L’utilisation des fertilisants minéraux notamment des engrais qui permettent d’améliorer le niveau de disponibilité des éléments nutritifs et compenser les points faibles des amendements organiques. Les techniques actuelles de micro-dose sont une méthode qui permet aux cultures de mieux valoriser les engrais en évitant la pollution de l’environnement à un coût relativement bas pour les producteurs. Cela consiste à utiliser de petites quantités d’engrais dans les poquets ou trous de plantation des cultures pendant le semis ou après la levée.

L’intégration des légumineuses fixatrices d’azote : Les légumineuses fixatrices d’azote utilisées comme plantes de couverture permettent de fixer l’azote atmosphérique dans le sol et favorise la protection de la surface du sol contre les intempéries. L’utilisation des légumineuses renforce les processus biologiques du sol et est une source importante d’azote qui permet de réduire les quantités d’azote provenant des engrais chimiques.

L’intégration des mesures de conservation des eaux et des sols : Les mesures de conservation des eaux et des sols permettent de lutter contre la dégradation des sols, renforcent leur structure physique et limitent la perte des nutriments des plants avec comme conséquences une amélioration de la performance des autres mesures entraînant une augmentation significative des rendements.

La micro dose

Les objectifs principaux de la micro dose est d’accroître et stabiliser la production, les revenus agricoles des ménages et la sécurité alimentaire et d’aider les agriculteurs à mieux gérer la base de ressources naturelles par le biais d’adduction de technologies nouvelles.

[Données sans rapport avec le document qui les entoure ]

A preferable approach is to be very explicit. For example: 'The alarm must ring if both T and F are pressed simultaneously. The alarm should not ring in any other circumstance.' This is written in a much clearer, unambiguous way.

La technologie du micro dosage d’engrais est fondée sur l’application de petites quantités d’engrais pour les plantes de cultures sur les coteaux renforçant de ce fait l’utilisation efficace de l’engrais et améliorant les rendements tout en minimisant le coût des intrants.

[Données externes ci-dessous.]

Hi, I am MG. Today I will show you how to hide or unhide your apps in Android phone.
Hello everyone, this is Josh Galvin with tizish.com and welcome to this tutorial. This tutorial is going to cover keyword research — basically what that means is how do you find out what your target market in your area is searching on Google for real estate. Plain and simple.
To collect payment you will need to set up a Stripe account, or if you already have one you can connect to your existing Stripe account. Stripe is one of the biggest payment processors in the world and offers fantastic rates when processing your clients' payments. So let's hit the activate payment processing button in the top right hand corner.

La contribution de la technologie de la micro dose à la gestion durable des terres et à la conservation de la biodiversité pourrait être mitigée à cause de l’usage des engrais chimique, par contre son action en matière d’adaptation aux changements climatiques est indéniable. En effet, la micro dose permet aux spéculations d’avoir une croissance normale et les rendements sont significativement augmentés.

Le compostage

La plus grande partie des sols au Burkina Faso ayant un taux de matière organique inférieur à 1 %, la fabrication et l’utilisation de la matière organique revêt une importance particulière. Le compostage consiste en l’édification d’un tas de couches successives de matières végétales et de déjections animales qui peut s’effectuer au dessus du sol (compostage en tas) ou dans une fosse (compostage en fosse).

Les différentes couches sont : une couche de matière végétale (tiges, paille, broussaille, etc.) d’environ 10-15 cm ; une couche de matière animale d’environ 7 cm ; arroser avant l’adjonction de phosphate naturel (Burkina phosphate) ou cendres (1 kg). On obtient ainsi la première couche. L’opération est répétée quatre à cinq fois pour obtenir un tas ayant environ 0,8 à un mètre de hauteur qui est recouvert de paille pour réduire le dessèchement du tas. Pour le compostage en fosse, la taille classique vulgarisée est de3 mx3 mx1 mavec la construction du bord de la fosse avec des briques ou moellons de 20 cm d’épaisseur pour éviter le remplissage de la fosse par des eaux de ruissellement.